MANILA, Philippines—The Philippine National Police said Tuesday it was poised to drop poll fraud whistle-blower Senior Superintendent Rafael Santiago from its rolls for being absent without official leave unless he reported back to work by midnight at Camp Crame in Quezon City.
PNP Director General Raul M. Bacalzo said Santiago, who had been AWOL since his reassignment to the PNP directorate for operations in July, would be dismissed unless he returned to duty and sufficiently explained his prolonged unauthorized absence.
“He was supposed to be reporting today, August 9, and if he cannot report today, according to our procedure, he will be declared AWOL and dropped from the rolls,” Bacalzo told reporters.

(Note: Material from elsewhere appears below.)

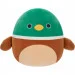   Jazwares   30  (SQCR04166)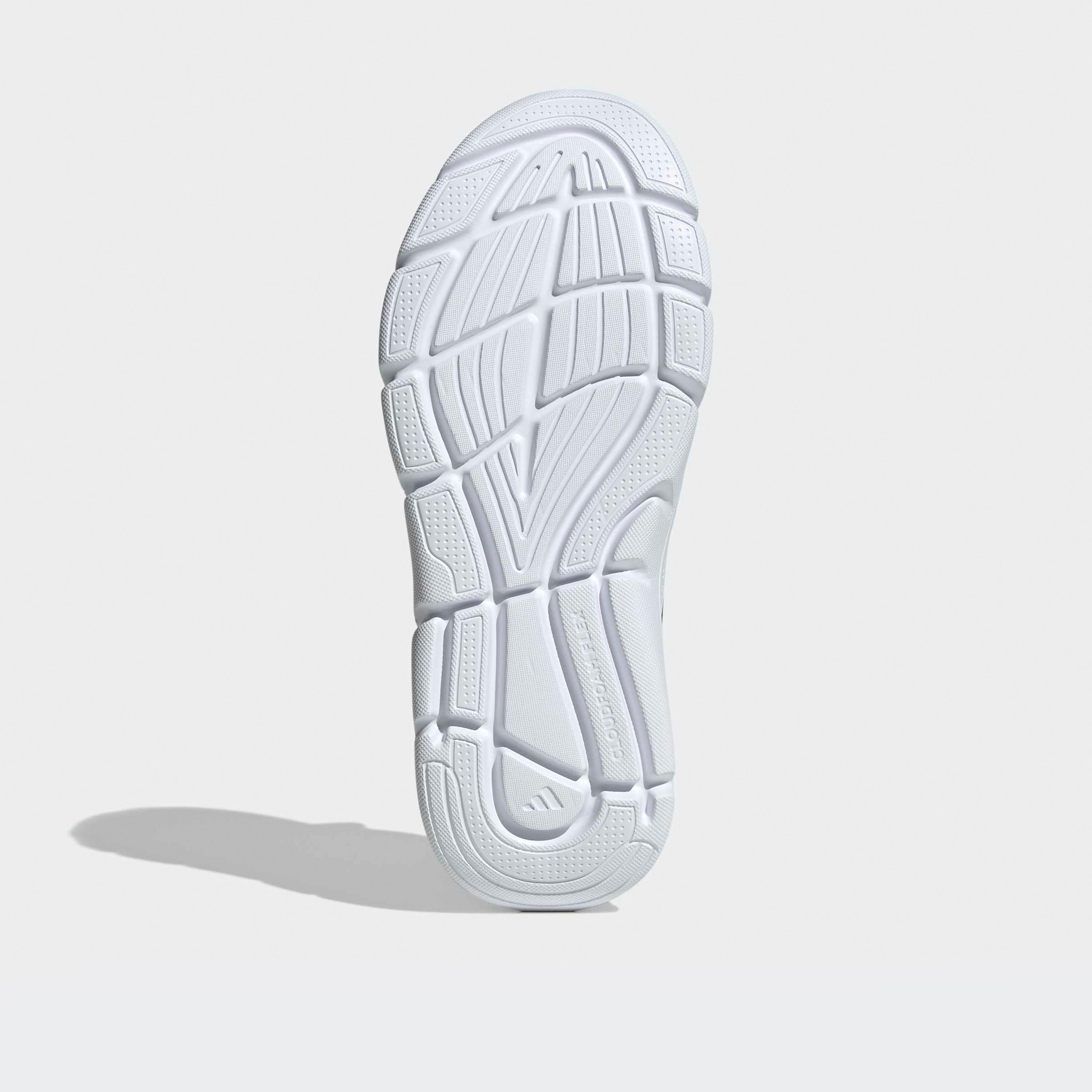 حذاء سنيكرز سهل الارتداء رابيدفيت - كلاودفوم فليكس للرجال من أديداس-sports-men-shoes-image-6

But Interior Secretary Jesse M. Robredo said Santiago was no longer considered AWOL since their meeting last Friday, in which the secretary agreed to reassign Santiago and four members of his team to Robredo’s office at the PNP headquarters.

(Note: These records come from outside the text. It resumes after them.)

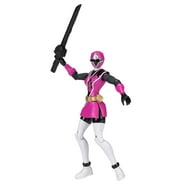 Power Rangers Beast Morphers Tronic 6-inch Action Figure - Walmart.com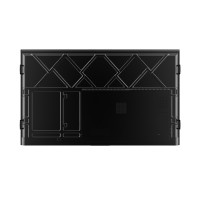 Интерактивная панель Hikvision DS-D5C98RB/A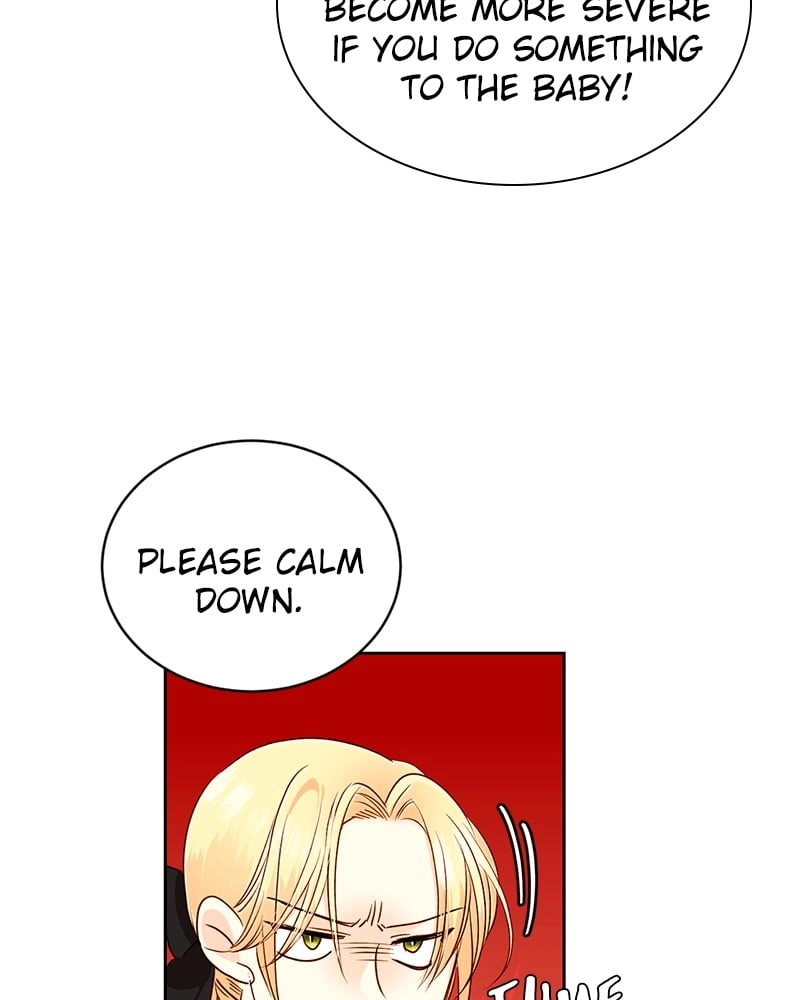 Remarried Empress Chapter 42, page 118 of 132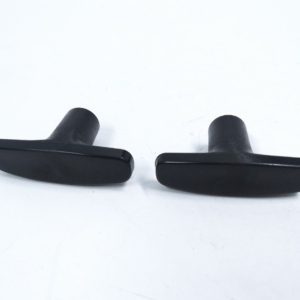volvo-penta-829241-handle-oem-2-pack-felix-ommo33069-20240119-131150-934036
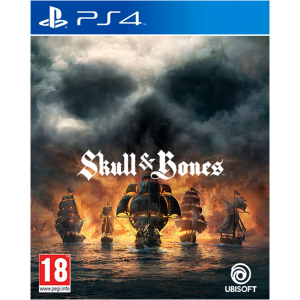 selected sku image thumbnail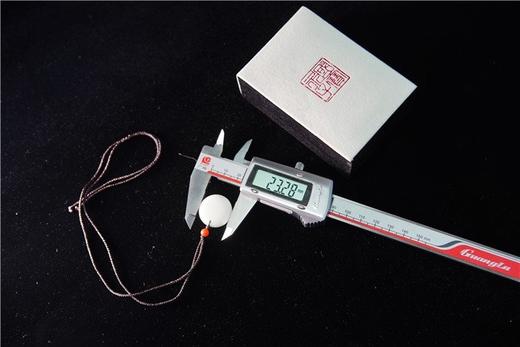 永子大号挂件 商品图4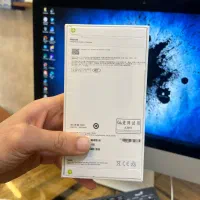 iphone 15 normal 128 gig|موبایل|محمودآباد, |دیوار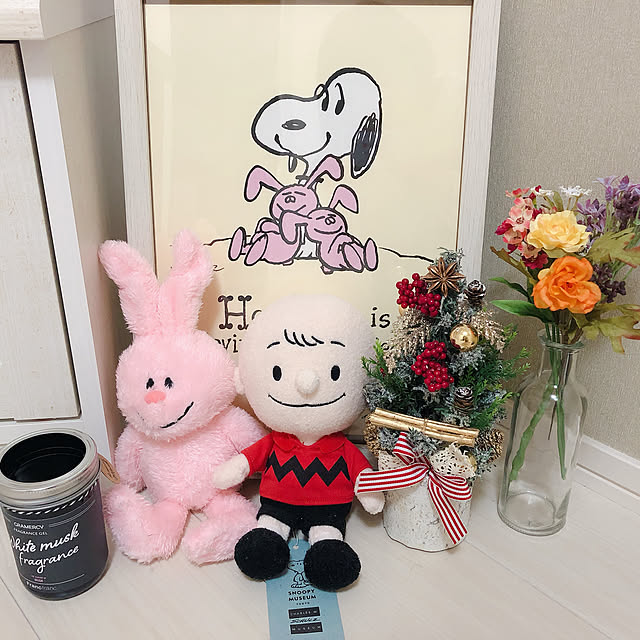 a_yaさんの実例写真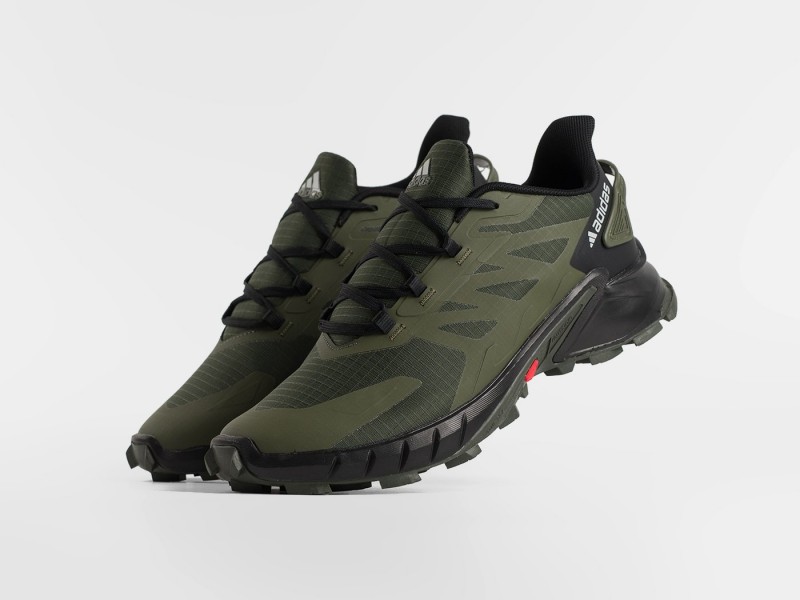 Кроссовки Adidas Supercross 4 GTX - 42185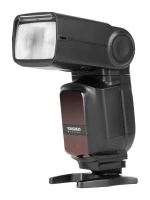 Lampa błyskowa Yongnuo YN968N II do Nikon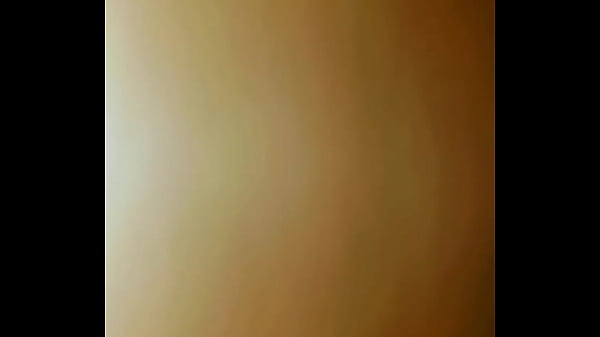 एमआईएलएफ-एचडी ऑडियो के साथ बकवास और सह- सनी लियोन्सको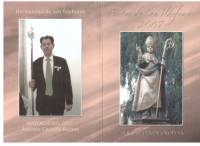 MAYORDOMO 2007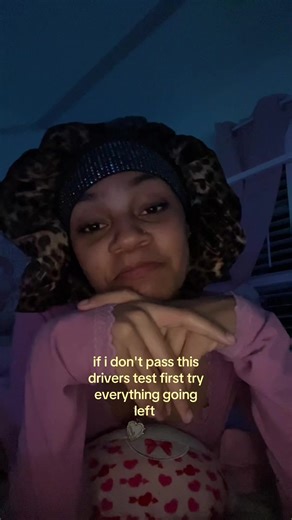 Tips to Ace Your Driver's Test on the First Try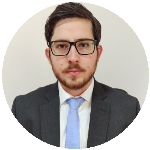 A possibilidade de usucapião no comodato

Bacalzo said he had been informed of the arrangements made by Robredo. “As far as we are concerned they remain unaccounted for,” Bacalzo said.
On the other hand, Robredo said he already officially notified Bacalzo on Saturday.
Asked if this meant Santiago and his team were no longer considered AWOL, Robredo replied by text message: “Not anymore.” He said earlier that Santiago and his team were now temporarily posted at the National Police Commission-DILG office at Camp Crame.
PNP spokesman Chief Supt. Agrimero Cruz Jr. called a briefing later Tuesday to clarify that although Santiago’s group was now considered AWOL, “they would not be automatically dropped from the rolls.”
Cruz said they would have to subtract holidays and weekends from the 30-day period since the group’s failure to report on July 7.
Cruz said the PNP was aware of the communication between Santiago’s group and the DILG, but as men of uniform, they were still called upon to formally report to duty to their immediate officers.
He said that at the level of the PNP, Santiago’s group had not officially returned to work and had not yet requested for a new assignment.
“But we’re not being adversarial. We just have to put things in black and white. It can’t be just all talk,” said Cruz.
Following his relief as Zambales provincial director in July, Santiago and his team surfaced to reveal they stole original election returns in 2005 and switched them with fake ones to ensure that former President and now Pampanga Representative Gloria Macapagal Arroyo would win in a recount against her closest rival, the late actor Fernando Poe Jr.
Santiago said he and his boys had acted on the orders, coursed through subordinates, of then PNP Director General Hermogenes Ebdane Jr., now the governor of Zambales. He also implicated several other officials.